[What to do] Each entry below is to be reproduced exactly, though any pictures it holds must be omitted.

==== Data ====

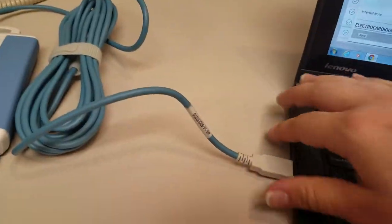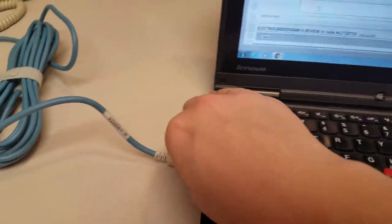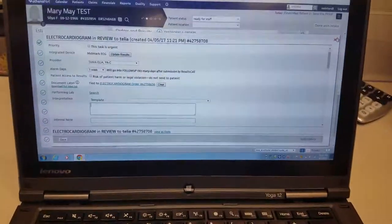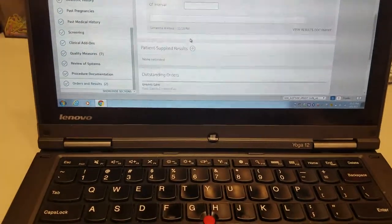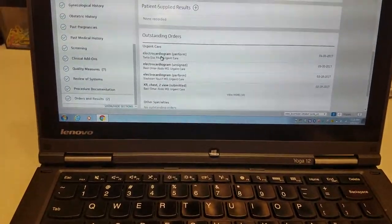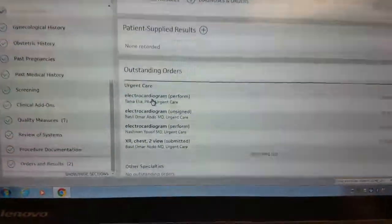Again, it just hooks up through the USB and you work on it right within the orders and outstanding order section of Athena.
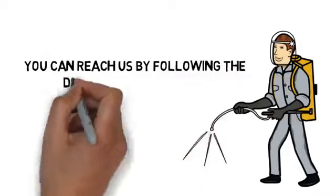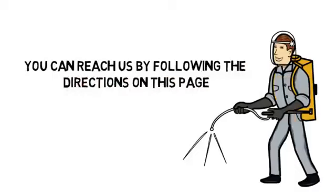Contact us today. You can reach us by following the directions on this page. We look forward to hearing from you.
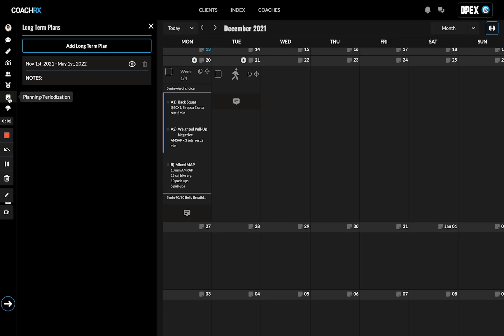Planning and periodization in CoachRx. We have this segmented out into three different areas: long-term plans, short-term plans, and daily plans.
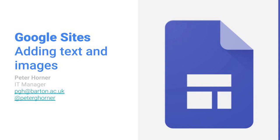In this video we're going to take a look at how you can add text and images to your Google site and create a layout.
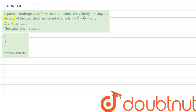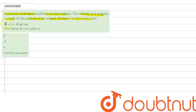Hello everyone, we have a question here. The question says a particle undergoes uniform circular motion. The velocity and angular velocity of the particle at an instant of time is V = 3i cap + 4j cap m/s and omega = xi cap + 6j cap radian per second. The value of x in radian per second is how much.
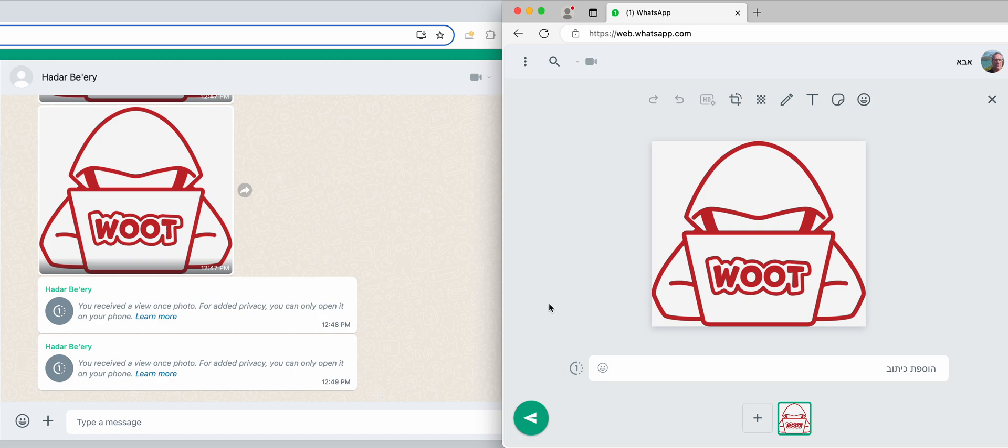Okay, so let's experiment with view once and try to decrypt it manually. I'm sending from my son's WhatsApp Web a view once message of this wood image. Sending it to view once.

====

[Answer space]
Again, it just hooks up through the USB and you work on it right within the orders and outstanding order section of Athena.
Contact us today. You can reach us by following the directions on this page. We look forward to hearing from you.
Planning and periodization in CoachRx. We have this segmented out into three different areas: long-term plans, short-term plans, and daily plans.
In this video we're going to take a look at how you can add text and images to your Google site and create a layout.
Hello everyone, we have a question here. The question says a particle undergoes uniform circular motion. The velocity and angular velocity of the particle at an instant of time is V = 3i cap + 4j cap m/s and omega = xi cap + 6j cap radian per second. The value of x in radian per second is how much.
Okay, so let's experiment with view once and try to decrypt it manually. I'm sending from my son's WhatsApp Web a view once message of this wood image. Sending it to view once.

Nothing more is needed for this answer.